President Barack Obama has stuck to his guns on the building of the mosque at Ground Zero. He supported it, he said initially. Then under attack he restated his support. No regrets about supporting the mosque, he said.
In the speech he gave at the White House Iftar dinner at the start of Ramadan (2010) Obama said the following words – absolutely rightly to anyone who believes in democracy:
” In the Virginia Act for Establishing Religion Freedom, Thomas Jefferson wrote that ‘all men shall be free to profess, and by argument to maintain, their opinions in matters of religion.’ The First Amendment of our Constitution established the freedom of religion as the law of the land. And that right has been upheld ever since…..Indeed, over the course of our history, religion has flourished within our borders precisely because Americans have had the right to worship as they choose – including the right to believe in no religion at all.”

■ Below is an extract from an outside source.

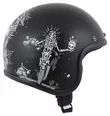 Retro Ghost Rider Черно-белый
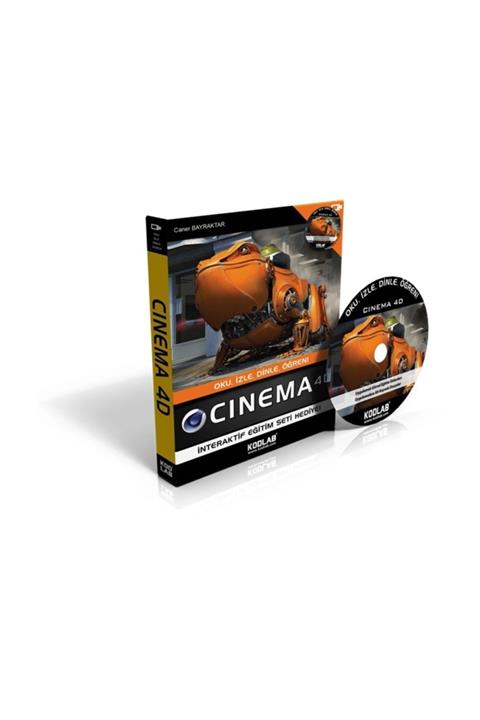Kodlab Cinema 4D (Caner Bayraktar) - Kodlab Kitapları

That religious freedom, and freedom not to believe, is clearly a crucial freedom in any society that calls itself a democracy.
Obama is right, too, when he says that there are millions of peace-loving muslims just as there are peace-loving hindus, christians, jews, sikhs, buddhists and members of other religious faiths.
All that may be true. He is also quite correct, legally, when he says members of New York’s muslim community have the right to build a mosque on “private property in lower Manhattan”.
One argument is that muslims in New York, if and when they build the Ground Zero mosque, will be demonstrating to islamicists that religious extremism is a purely negative force and that a “war against islam” exists only in their hysterical imaginations. Further, some argue that if the mosque is built it will undercut the capacity of islamic extremists to attract new recruits, taking away their argument “See, muslims aren’t even allowed to build a mosque in Manhattan.” One good article setting out those arguments is available here.
So Obama is right – the muslim community has the legal right to build a mosque and religious freedoms are precious and need to be protected.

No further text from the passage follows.